HIZON IS seeking her third term in office. She said a lot was achieved during her time in office, but a lot more remains to be done. Much of her tenure has been dominated by construction of the city’s new sewage treatment plant as well as controversies surrounding former mayor Scott Dudley.
“I feel like we’re finally getting to a place where we are really looking at long-range planning,” she said, pointing to the city’s recent purchase of property for a future park as an example of long-term thinking. The school district owns the Fort Nugent Park property and will someday build on it, so the city needs an alternative.
On the council, Hizon came up with the idea for publishing council meetings online and the plans for installing security in Windjammer Park. She was certified in advanced municipal leadership by the Association of Washington Cities.
Hizon said the biggest difference between her and her opponent is in the approach to leadership.
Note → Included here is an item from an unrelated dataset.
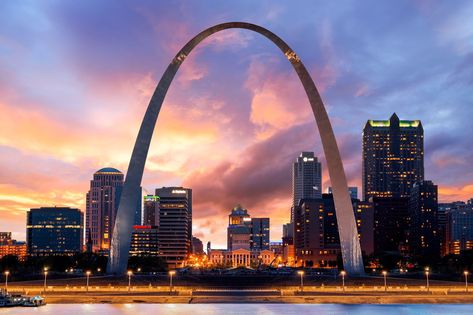 Gateway Arch, St. Louis, Missouricountryliving Spencer Aesthetic, Gateway Arch St Louis, Arch St Louis, Saint Louis Arch, St Louis Skyline, Summer Vacation Destinations, Gateway Arch, Architecture History, Famous Buildings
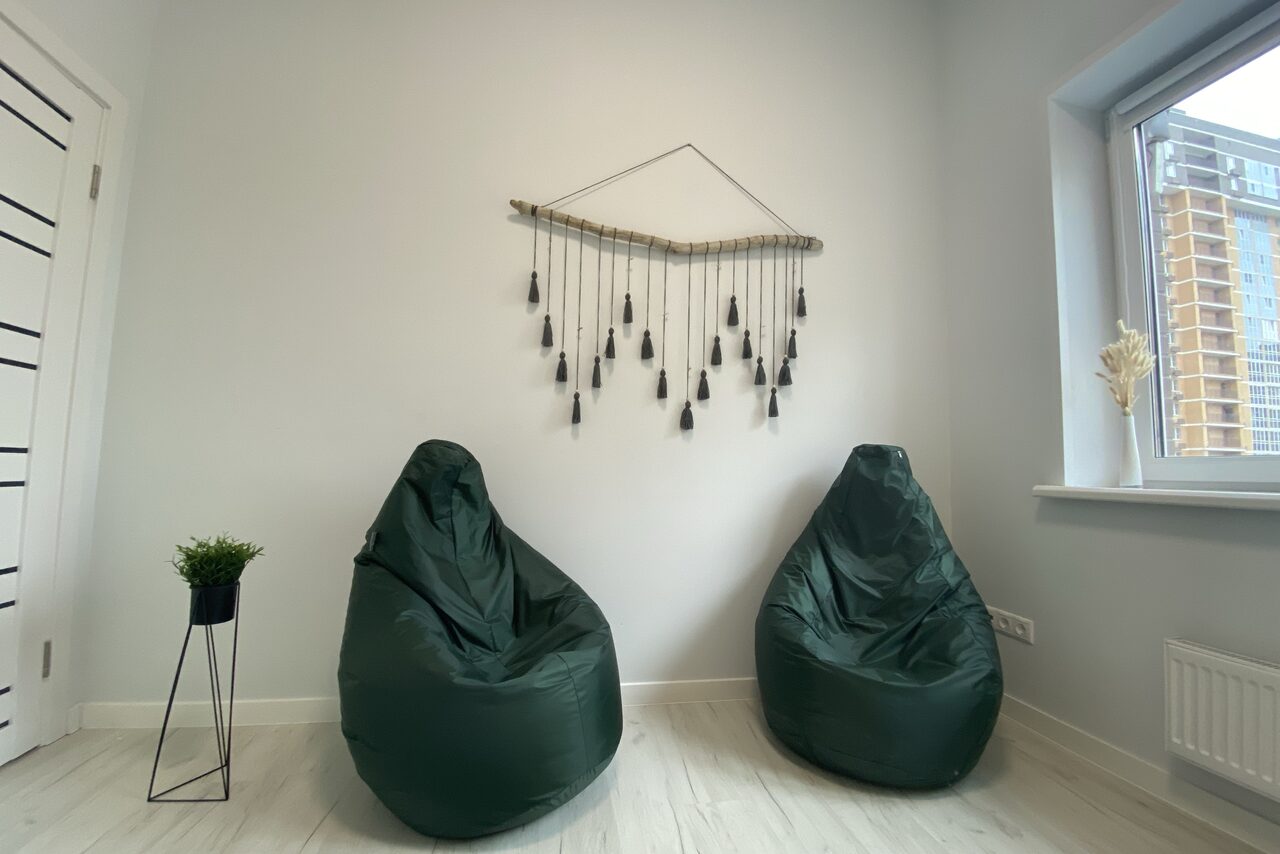 Арендовать Y. ma Loft (Y. ma Лофт). Большой светлый зал с зонированием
“Mr. Crawford appears to be long on complaints, but short on practical solutions,” she said. “In fact, most of what I’ve seen and heard are assumptions based on inaccurate information.”
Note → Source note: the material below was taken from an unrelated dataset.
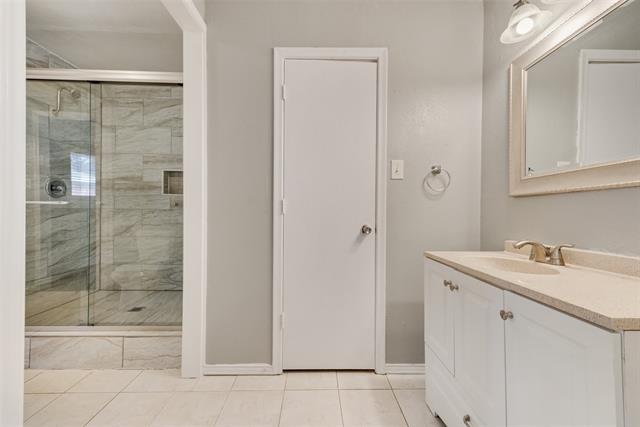 Building Photo - 2740 Teakwood Ln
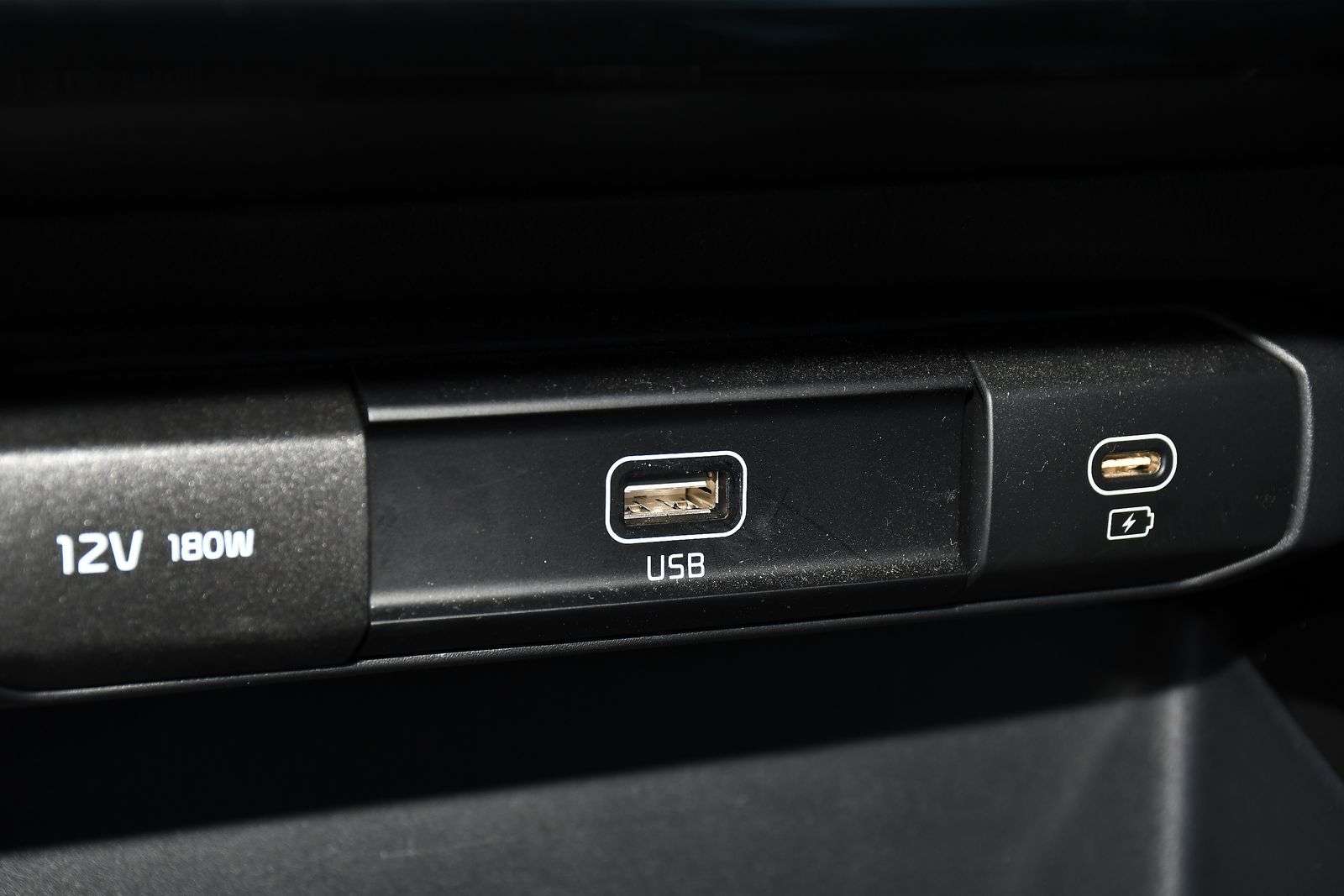 2023 KIA NIRO 2023 KIA NIRO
HIZON WAS critical of Crawford at a forum, saying he didn’t seem to understand how the city budget is partly segregated into funds that can’t be used for other purposes. At another forum, Crawford inaccurately said that the city was only going to get 1 percent of the money raised from a proposed sales tax increase to fund street repairs, a measure that’s on the ballot.
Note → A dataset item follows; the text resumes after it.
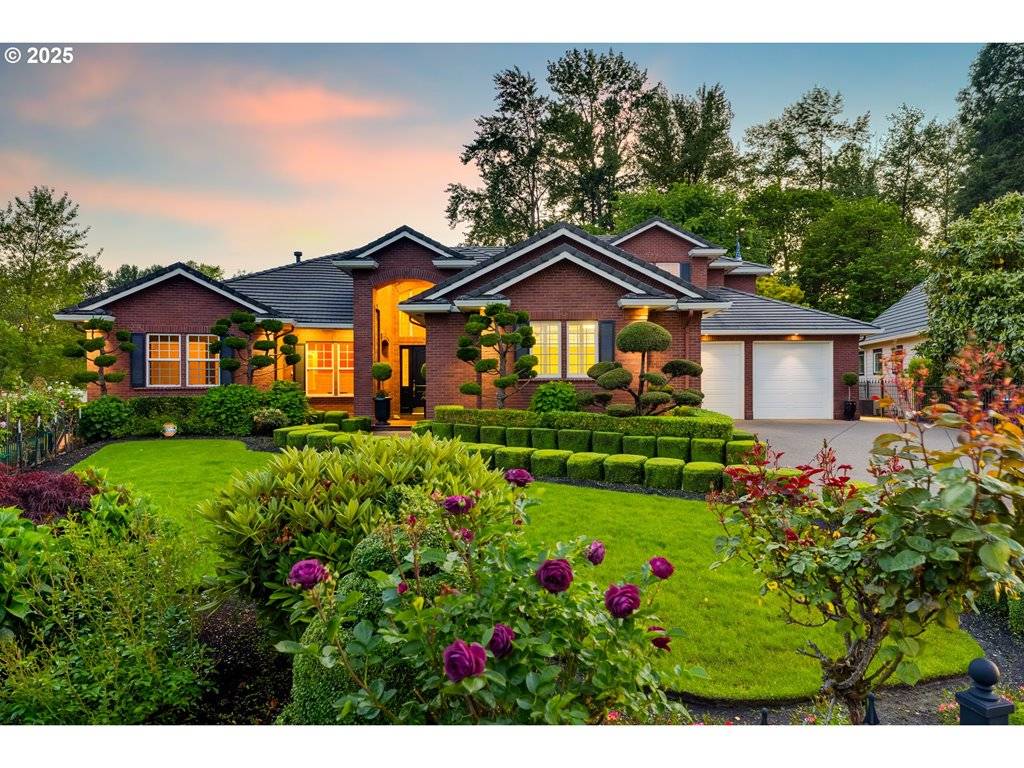 Eugene, OR 97401,613 SHORELINE WAY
“It’s pretty clear that he either hasn’t educated himself or doesn’t understand the basis mechanism of city government or municipal finances,” she said.
Crawford, on the other hand, was critical of Hizon for missing meetings. She admits she wasn’t able to go to some council workshops because she has a job, but that she watched them online. The workshops have been moved to 5 p.m. because of this issue, she said, and shouldn’t be a problem in the future.
Crawford also faulted both Hizon and Busig for focusing on government-funded housing as a way to ease the housing shortage. Some is necessary, he wrote, but it also removes housing from the property tax base. He referred to the controversial low-income housing project downtown as “a blight.”
BUSIG SAID he listens to people and will represent them well. He’s knocked on hundreds of doors and learned a lot about how people are struggling. Many are having trouble finding housing, child care and transportation. People feel apart from city government. If he wins, he plans on continuing to doorbell.
“I’ve never in my life had an elected official come to my door and ask me what issues are important to me,” he said.
He said he will “amplify the voices of the underrepresented, the disenfranchised and the disaffected,” while his opponent has different priorities.
“He’s part of the older generation who have a different outlook, which is fine, but it’s more of the same,” he said. “It’s status quo and he’s not inclusive in his vision.”